* What is required
When you retype the records that follow, keep each word as it is and drop any pictures.

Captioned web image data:
***
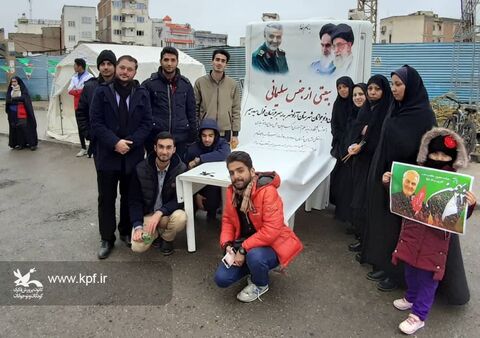 برپایی ایستگاه فرهنگی‌هنری و حماسه‌آفرینی اعضای کودک و نوجوان کانون گلستان در راهپیمایی 22 بهمن
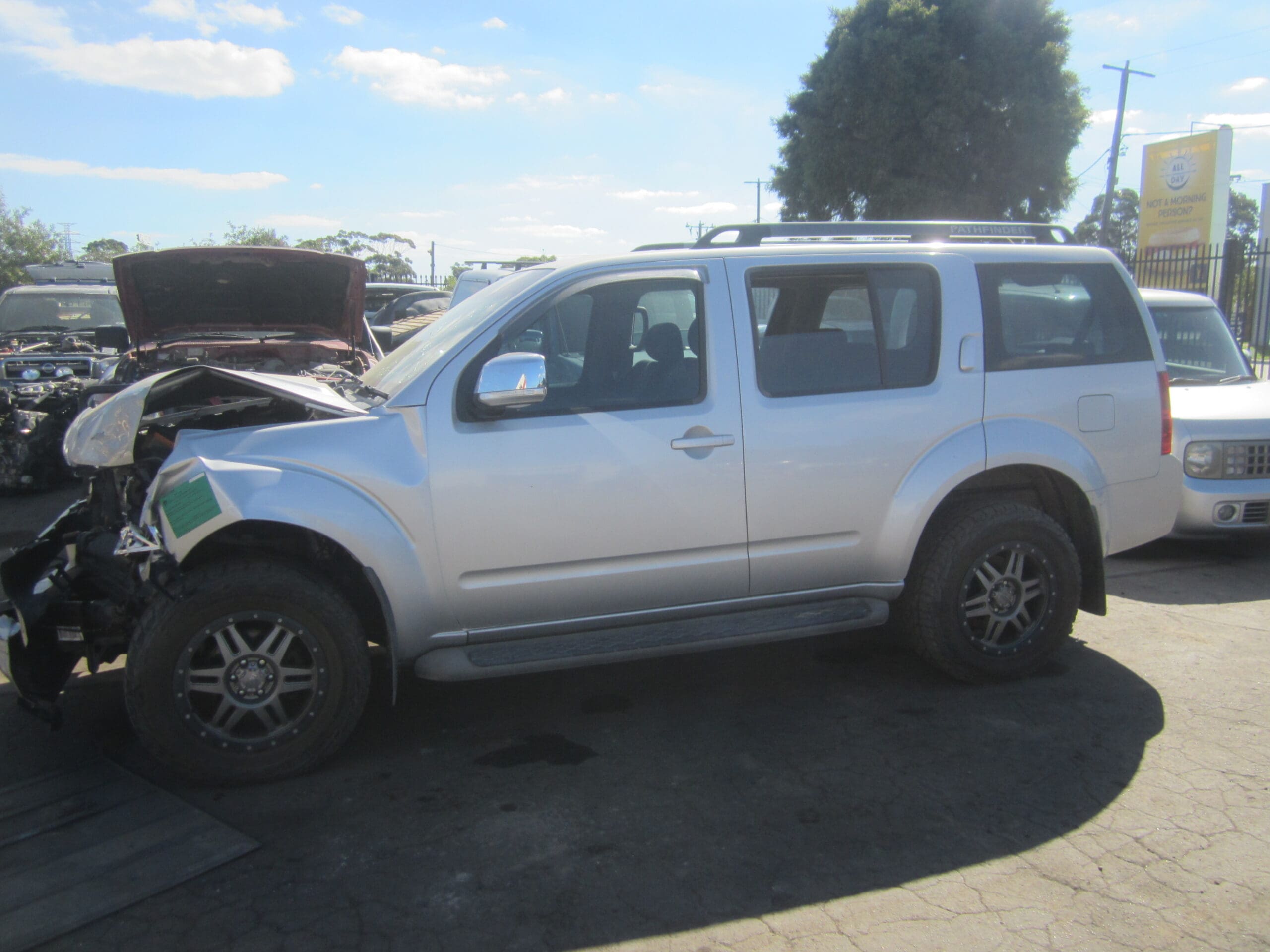 NISSAN PATHFINDER R51 ST-L YD25 DIESEL 2008 WRECKING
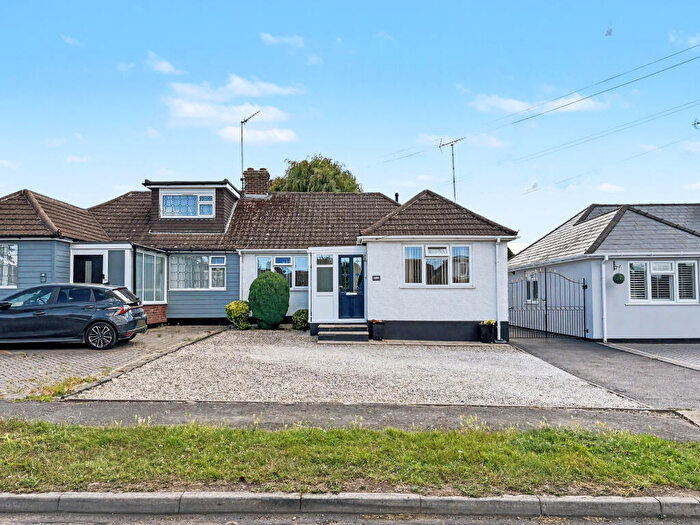 2 Bedroom Bungalow For Sale In Louis Drive West, Rayleigh, SS6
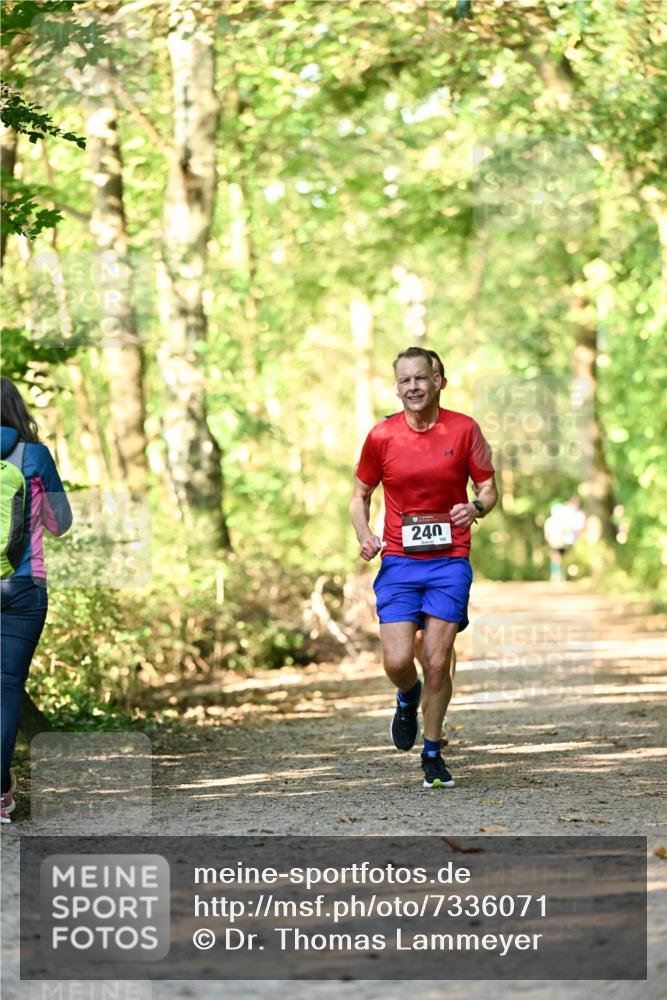 06.10.2024 - Bramfelder Halbmarathon 2024 Dr. Thomas Lammeyer http://msf.ph/oto/7336071 06.10.2024 10:08:29 Laufen 240, 106 meine-sportfotos.de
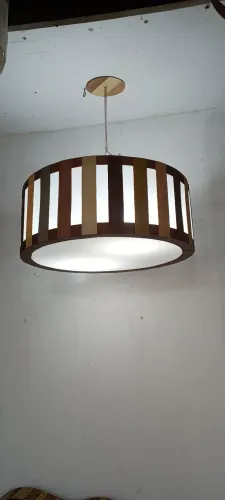Lustre Moderno de Madeira com marchetaria 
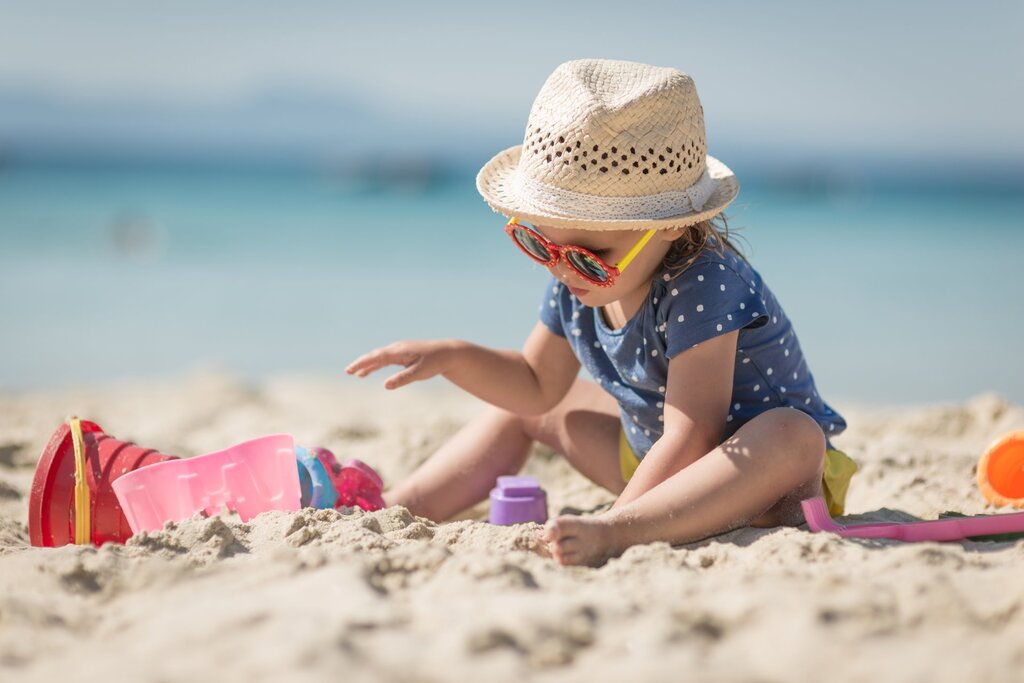 32. Bimba Spiaggia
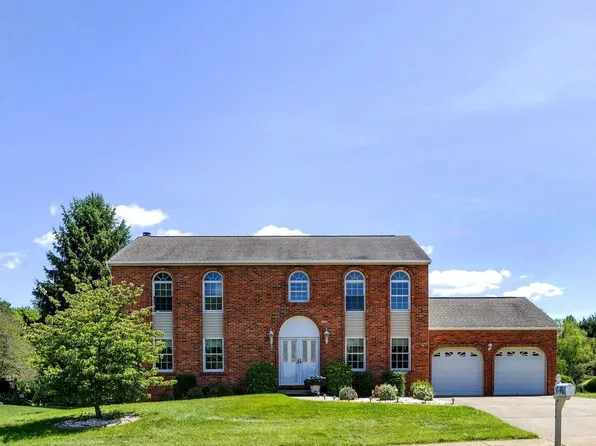 204 Trillium Dr, Cranberry Township, PA 16066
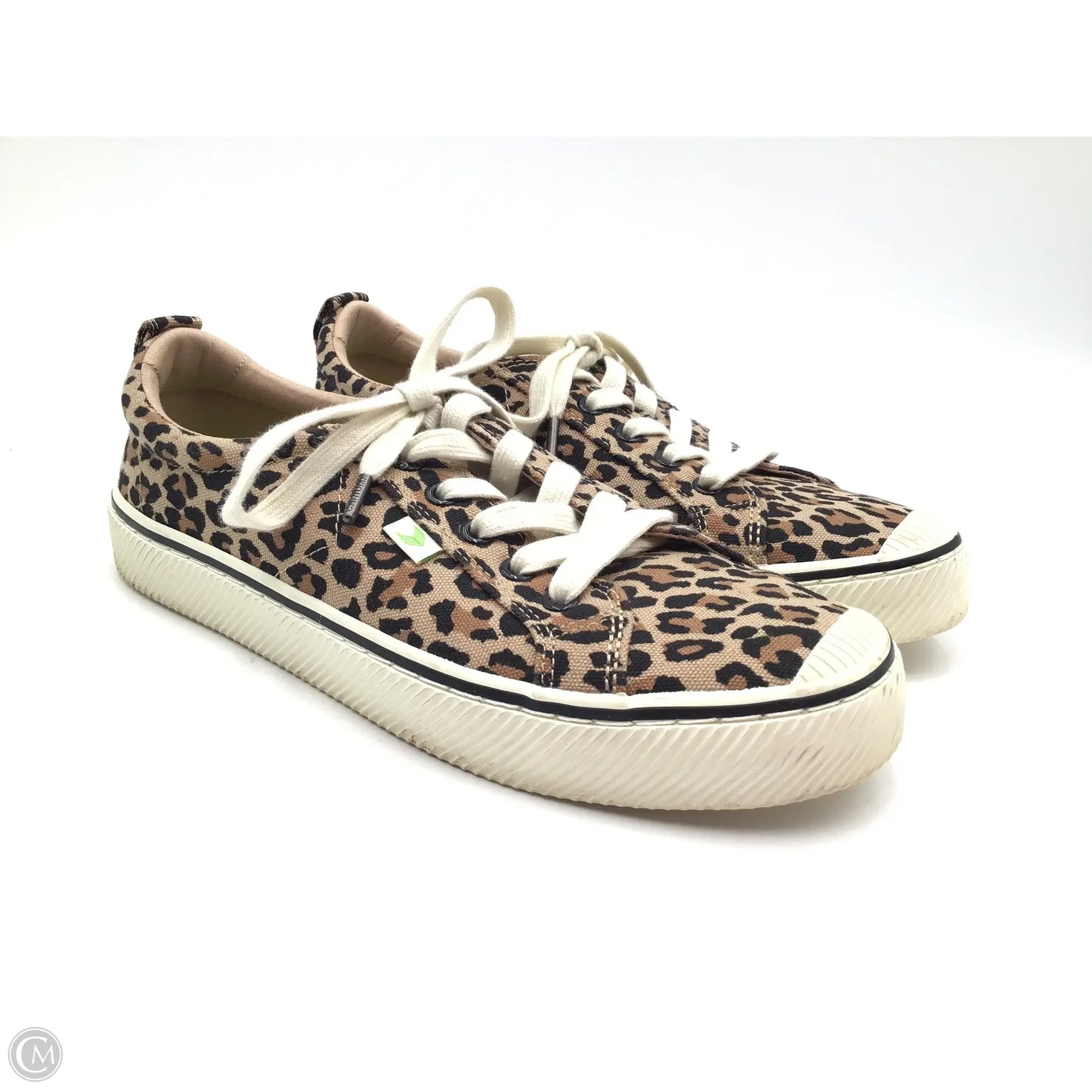 Shoes Sneakers By Cariuma In Leopard Print, Size: 9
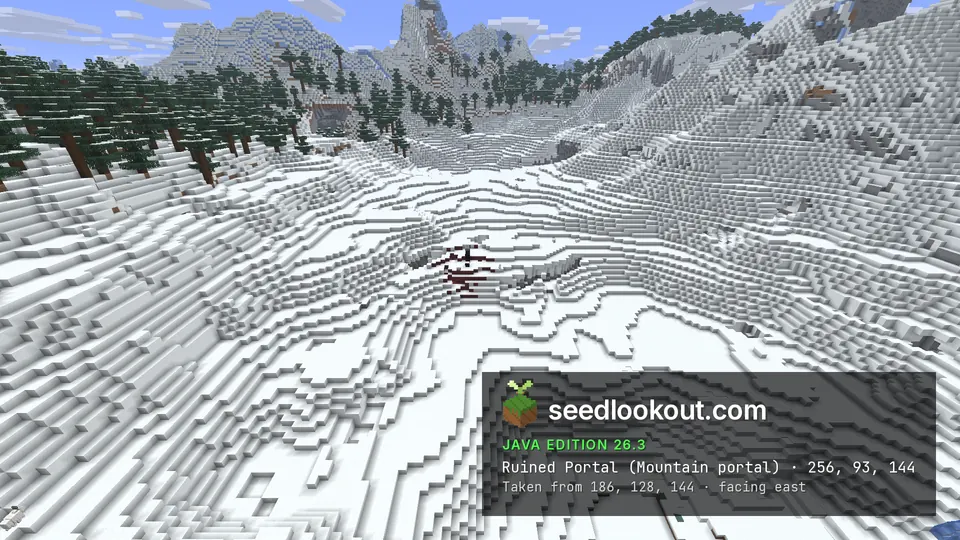 積雪覆蓋的山地凹地中有一片地獄石與黑曜石,後方是杉木山坡與山峰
***
* Output for this exercise
 برپایی ایستگاه فرهنگی‌هنری و حماسه‌آفرینی اعضای کودک و نوجوان کانون گلستان در راهپیمایی 22 بهمن
 NISSAN PATHFINDER R51 ST-L YD25 DIESEL 2008 WRECKING
 2 Bedroom Bungalow For Sale In Louis Drive West, Rayleigh, SS6
 06.10.2024 - Bramfelder Halbmarathon 2024 Dr. Thomas Lammeyer http://msf.ph/oto/7336071 06.10.2024 10:08:29 Laufen 240, 106 meine-sportfotos.de
Lustre Moderno de Madeira com marchetaria 
 32. Bimba Spiaggia
 204 Trillium Dr, Cranberry Township, PA 16066
 Shoes Sneakers By Cariuma In Leopard Print, Size: 9
 積雪覆蓋的山地凹地中有一片地獄石與黑曜石,後方是杉木山坡與山峰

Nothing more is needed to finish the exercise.